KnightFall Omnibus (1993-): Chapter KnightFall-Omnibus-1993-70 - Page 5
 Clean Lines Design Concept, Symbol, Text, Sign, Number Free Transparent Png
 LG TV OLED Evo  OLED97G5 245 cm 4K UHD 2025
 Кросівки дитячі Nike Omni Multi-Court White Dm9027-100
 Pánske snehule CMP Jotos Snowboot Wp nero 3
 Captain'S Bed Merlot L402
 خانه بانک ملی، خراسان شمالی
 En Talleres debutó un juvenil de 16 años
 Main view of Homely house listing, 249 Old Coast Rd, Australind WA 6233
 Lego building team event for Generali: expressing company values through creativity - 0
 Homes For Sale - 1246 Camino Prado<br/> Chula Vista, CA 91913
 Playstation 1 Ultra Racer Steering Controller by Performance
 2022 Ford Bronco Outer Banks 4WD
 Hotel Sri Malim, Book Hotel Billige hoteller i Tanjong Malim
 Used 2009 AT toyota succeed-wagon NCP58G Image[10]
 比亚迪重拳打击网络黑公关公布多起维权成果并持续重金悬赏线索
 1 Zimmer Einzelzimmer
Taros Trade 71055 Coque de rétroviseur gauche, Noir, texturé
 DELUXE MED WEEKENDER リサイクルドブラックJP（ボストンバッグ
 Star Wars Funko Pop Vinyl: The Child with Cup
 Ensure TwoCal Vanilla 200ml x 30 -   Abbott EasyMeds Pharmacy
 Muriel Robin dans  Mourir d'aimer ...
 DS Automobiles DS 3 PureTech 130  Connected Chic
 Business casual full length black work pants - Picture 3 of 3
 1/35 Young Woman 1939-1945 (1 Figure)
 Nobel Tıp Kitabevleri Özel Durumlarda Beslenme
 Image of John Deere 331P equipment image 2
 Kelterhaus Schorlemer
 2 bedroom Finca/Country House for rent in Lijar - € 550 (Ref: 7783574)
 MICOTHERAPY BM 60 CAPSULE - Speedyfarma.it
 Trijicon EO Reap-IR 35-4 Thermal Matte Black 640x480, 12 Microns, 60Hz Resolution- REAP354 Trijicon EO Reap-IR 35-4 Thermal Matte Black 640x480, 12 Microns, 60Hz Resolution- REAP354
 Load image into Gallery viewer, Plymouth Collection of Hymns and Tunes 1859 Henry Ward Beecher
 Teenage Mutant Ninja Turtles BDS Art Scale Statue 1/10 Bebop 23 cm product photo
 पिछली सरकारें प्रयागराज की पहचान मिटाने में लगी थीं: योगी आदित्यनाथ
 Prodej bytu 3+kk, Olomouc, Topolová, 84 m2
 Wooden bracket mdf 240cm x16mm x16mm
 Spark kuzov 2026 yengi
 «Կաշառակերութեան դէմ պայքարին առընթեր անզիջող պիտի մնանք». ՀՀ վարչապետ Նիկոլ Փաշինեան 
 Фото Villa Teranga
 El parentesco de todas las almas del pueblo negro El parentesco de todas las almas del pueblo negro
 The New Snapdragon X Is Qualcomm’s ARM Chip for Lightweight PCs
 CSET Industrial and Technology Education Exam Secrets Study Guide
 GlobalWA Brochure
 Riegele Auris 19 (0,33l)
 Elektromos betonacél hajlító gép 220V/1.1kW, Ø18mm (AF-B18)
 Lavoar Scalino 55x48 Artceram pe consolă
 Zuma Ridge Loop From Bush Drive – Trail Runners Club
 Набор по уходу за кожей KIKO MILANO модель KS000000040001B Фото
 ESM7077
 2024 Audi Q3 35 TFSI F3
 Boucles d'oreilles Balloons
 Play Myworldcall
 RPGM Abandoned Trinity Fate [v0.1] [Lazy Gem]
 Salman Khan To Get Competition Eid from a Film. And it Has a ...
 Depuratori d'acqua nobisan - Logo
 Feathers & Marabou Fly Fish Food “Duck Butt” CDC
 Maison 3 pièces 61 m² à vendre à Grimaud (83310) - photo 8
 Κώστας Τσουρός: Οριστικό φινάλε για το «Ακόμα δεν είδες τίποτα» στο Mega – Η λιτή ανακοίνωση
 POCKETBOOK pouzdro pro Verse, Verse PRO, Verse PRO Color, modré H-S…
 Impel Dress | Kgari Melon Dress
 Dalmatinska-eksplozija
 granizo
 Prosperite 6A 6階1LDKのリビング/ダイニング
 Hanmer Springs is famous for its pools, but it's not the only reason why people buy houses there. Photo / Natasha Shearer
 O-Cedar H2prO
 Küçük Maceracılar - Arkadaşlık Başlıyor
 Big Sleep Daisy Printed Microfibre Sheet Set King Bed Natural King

==*==

#### Prompt:
Print the records verbatim, stopping after the "Used 2009 AT" line.

#### Solution to this problem:
KnightFall Omnibus (1993-): Chapter KnightFall-Omnibus-1993-70 - Page 5
 Clean Lines Design Concept, Symbol, Text, Sign, Number Free Transparent Png
 LG TV OLED Evo  OLED97G5 245 cm 4K UHD 2025
 Кросівки дитячі Nike Omni Multi-Court White Dm9027-100
 Pánske snehule CMP Jotos Snowboot Wp nero 3
 Captain'S Bed Merlot L402
 خانه بانک ملی، خراسان شمالی
 En Talleres debutó un juvenil de 16 años
 Main view of Homely house listing, 249 Old Coast Rd, Australind WA 6233
 Lego building team event for Generali: expressing company values through creativity - 0
 Homes For Sale - 1246 Camino Prado<br/> Chula Vista, CA 91913
 Playstation 1 Ultra Racer Steering Controller by Performance
 2022 Ford Bronco Outer Banks 4WD
 Hotel Sri Malim, Book Hotel Billige hoteller i Tanjong Malim
 Used 2009 AT toyota succeed-wagon NCP58G Image[10]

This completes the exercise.